'My bikini line was like a dodgy nightclub floor at 3am'
Updated | By Jane Linley-Thomas
Jane shares a story of a lady who took to social media to share her experience of a self-waxing kit she bought from a major retailer, and it's the funniest thing you'll read all year.
I must be honest, the closest I get to wax is the coloured pillars that make up a crayon box. Luckily my hair growth is slow and fair and I once in a while endure a quick leg and under arm shave. That suits me just fine.
Call me a baby, but I really don't cope well with the waxing process. The sitting in anticipation of the wax strip being pulled is the worst!
I remember a day or two before I had the twins I went and had a wax. My pain sensors were so over sensitive that I left with half the job done.
This woman's rant on Facebook gave me the giggles. If anything, this will make your day!
Here is Hanah's full post:
Boots, we need to have a word. These are, categorically, the worst wax strips in the world. I haven't tried all the other wax strips, but I'm confident I don't need to. That's how bad these are.
Here's a list of things that could have waxed me more successfully:
*candle wax
*beeswax
*wax crayons
*George Evelyn, better known as electronic music composer Nightmares on Wax
*the 2005 film House of Wax, starring Paris Hilton.
You're probably questioning just how bad they could be. Well, gather on the carpet because it's story time.
Last night, I decided to use your wax strips to tidy up my bikini line.
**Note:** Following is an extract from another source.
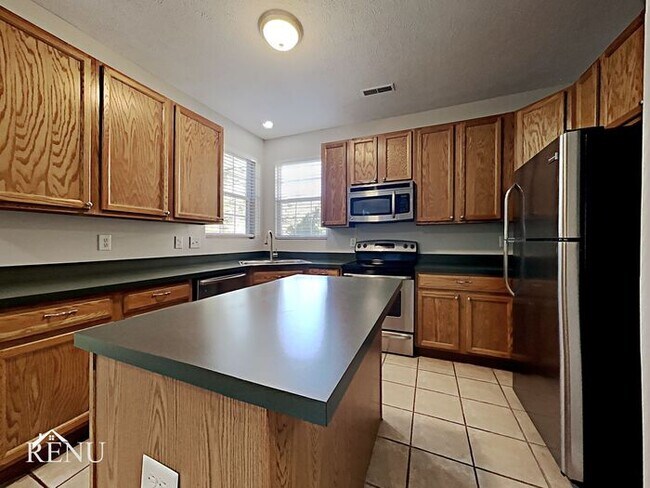 Foto del edificio - 12978 Ross Crossing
I know, right? You can almost feel the burn. But it's worth it for that silky smooth skin.
So, I followed your instructions on how to use the strips. It's not rocket science, but it's best to be sure, isn't it? You wouldn't want waxing to go wrong, would you?
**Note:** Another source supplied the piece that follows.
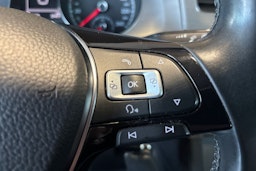 Punainen Volkswagen GOLF 2014 kuva 17.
So, as instructed on the back of the pack I warmed a strip, stuck it down, endured the brief but childbirth-level pain intensity of ripping it off, and looked down, ready to admire a peachy beach-ready inner thigh.
Do you know what I saw instead, Boots? All the hair I'd just tried to take off not even slightly detached from its follicles. Except now, matted firmly into the hair was a thick layer of wax. Have you touched that wax when it becomes separated from its strip? It is so sticky it could have held together the original Sugababes line-up. My bikini line was like the dance-floor of a really questionable club at 3am.
I was slightly panicked until I remember the wax residue removing moisturising wipes included in the box of wax! It will all be ok, I thought, for the wipes will resolve this.
I took one of the wipes and started trying to rub off the wax/glue/melted Push Pop hybrid. However, instead of rescuing my skin, the wipe becomes trapped and bits of it tear off and firmly adhere to my waxy, furry skin, like a series of tiny surrender flags.